-- Task data follows --
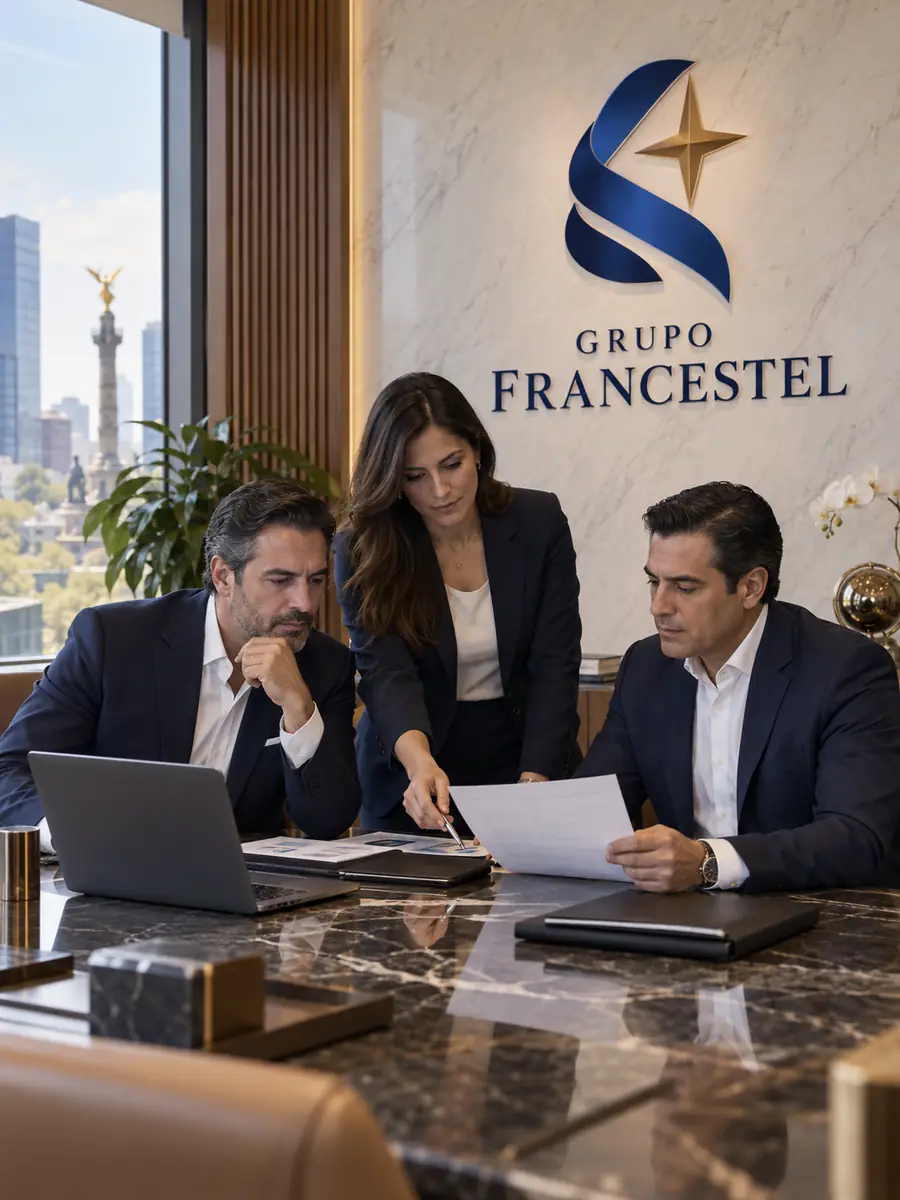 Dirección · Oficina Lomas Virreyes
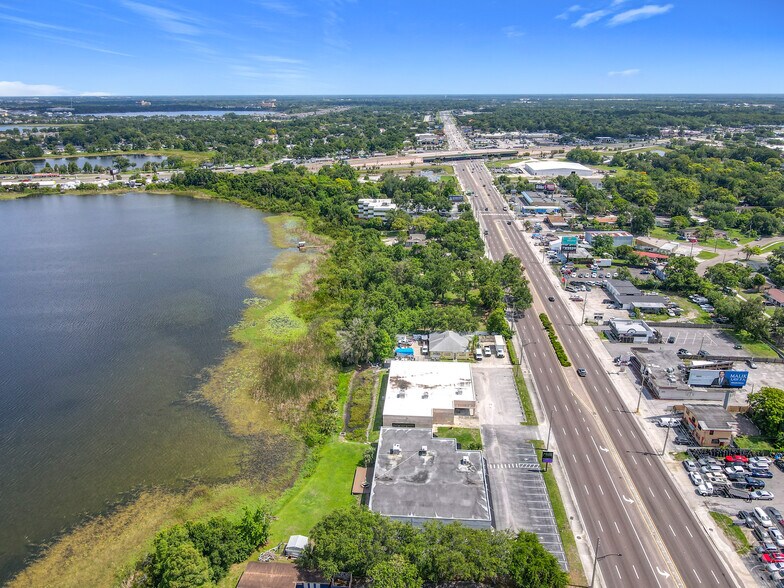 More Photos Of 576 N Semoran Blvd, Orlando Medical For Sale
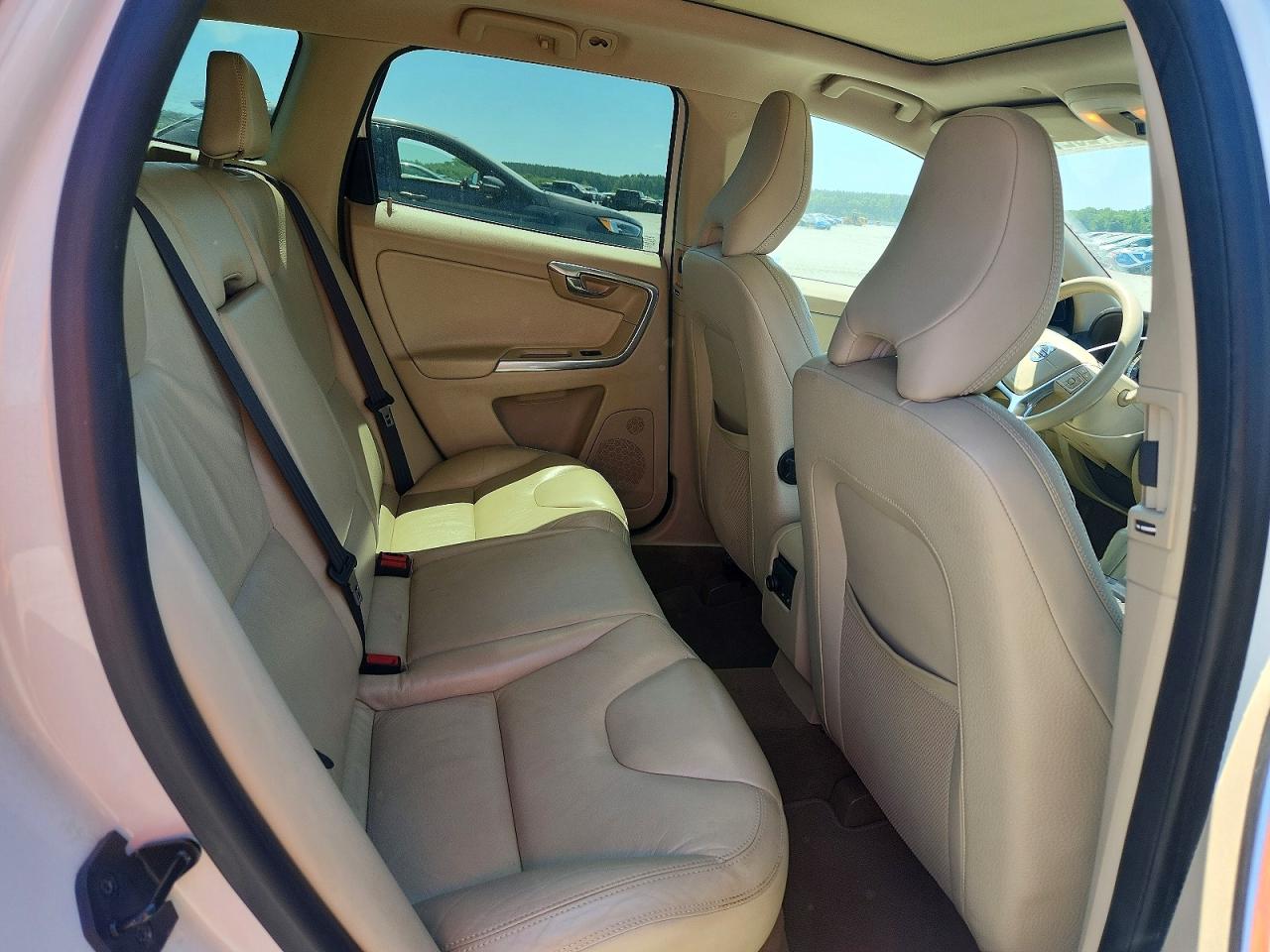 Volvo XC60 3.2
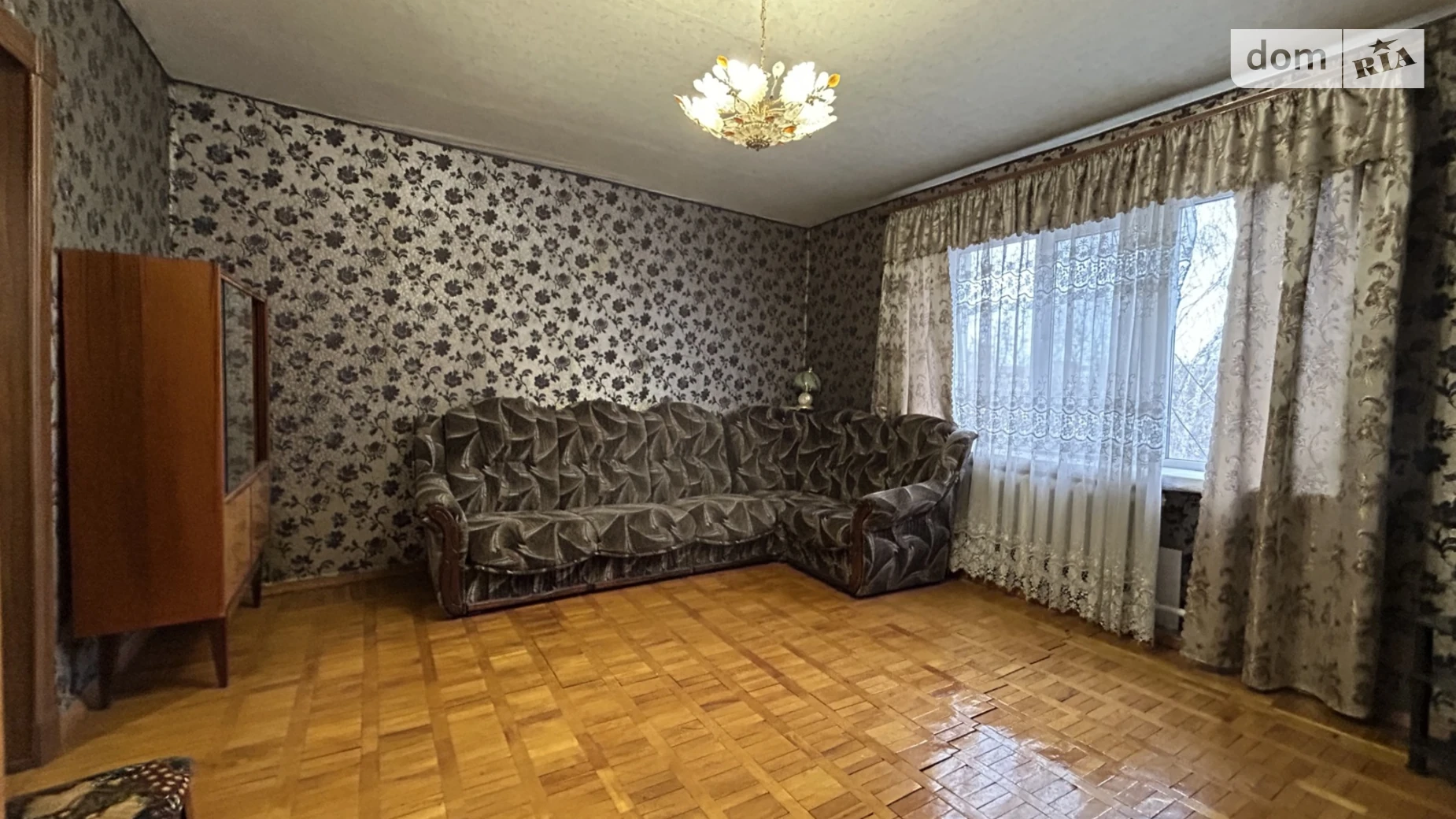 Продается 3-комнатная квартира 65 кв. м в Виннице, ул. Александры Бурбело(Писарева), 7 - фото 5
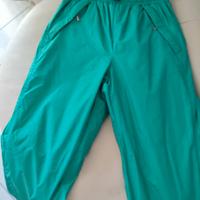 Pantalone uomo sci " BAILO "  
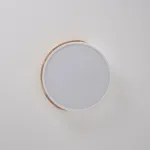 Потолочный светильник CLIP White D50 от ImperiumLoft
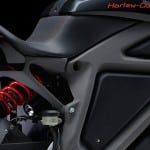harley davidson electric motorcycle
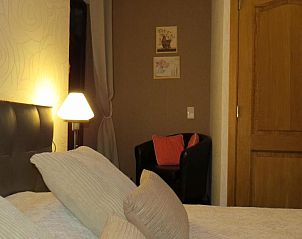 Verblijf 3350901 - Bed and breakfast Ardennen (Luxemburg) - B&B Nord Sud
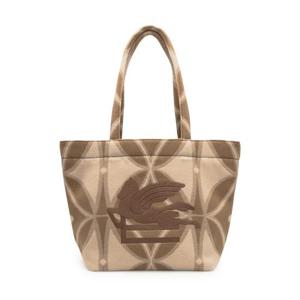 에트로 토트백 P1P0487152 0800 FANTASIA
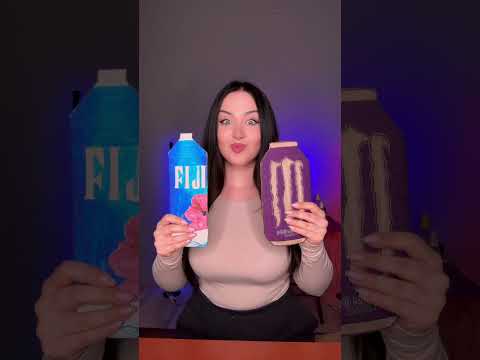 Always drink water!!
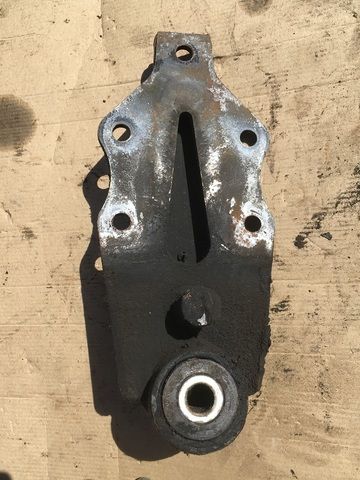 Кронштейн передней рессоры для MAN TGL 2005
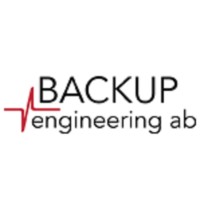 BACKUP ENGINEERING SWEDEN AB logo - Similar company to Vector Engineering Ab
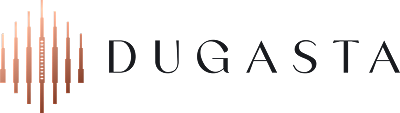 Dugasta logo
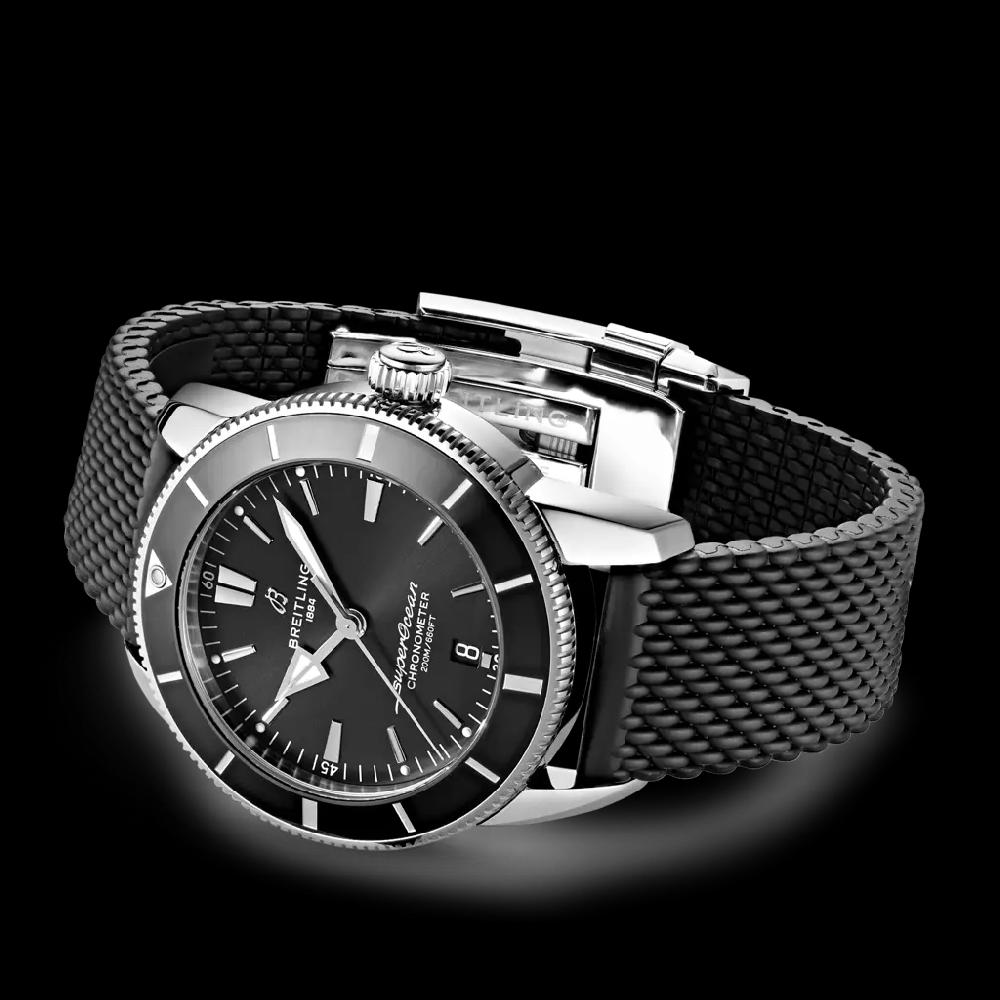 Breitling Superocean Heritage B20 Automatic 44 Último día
-- Task data concluded --
* [Problem]: Without any pictures, return the entries exactly as given.

* [Result of this task]:
 Dirección · Oficina Lomas Virreyes
 More Photos Of 576 N Semoran Blvd, Orlando Medical For Sale
 Volvo XC60 3.2
 Продается 3-комнатная квартира 65 кв. м в Виннице, ул. Александры Бурбело(Писарева), 7 - фото 5
 Pantalone uomo sci " BAILO "  
 Потолочный светильник CLIP White D50 от ImperiumLoft
harley davidson electric motorcycle
 Verblijf 3350901 - Bed and breakfast Ardennen (Luxemburg) - B&B Nord Sud
 에트로 토트백 P1P0487152 0800 FANTASIA
 Always drink water!!
 Кронштейн передней рессоры для MAN TGL 2005
 BACKUP ENGINEERING SWEDEN AB logo - Similar company to Vector Engineering Ab
 Dugasta logo
 Breitling Superocean Heritage B20 Automatic 44 Último día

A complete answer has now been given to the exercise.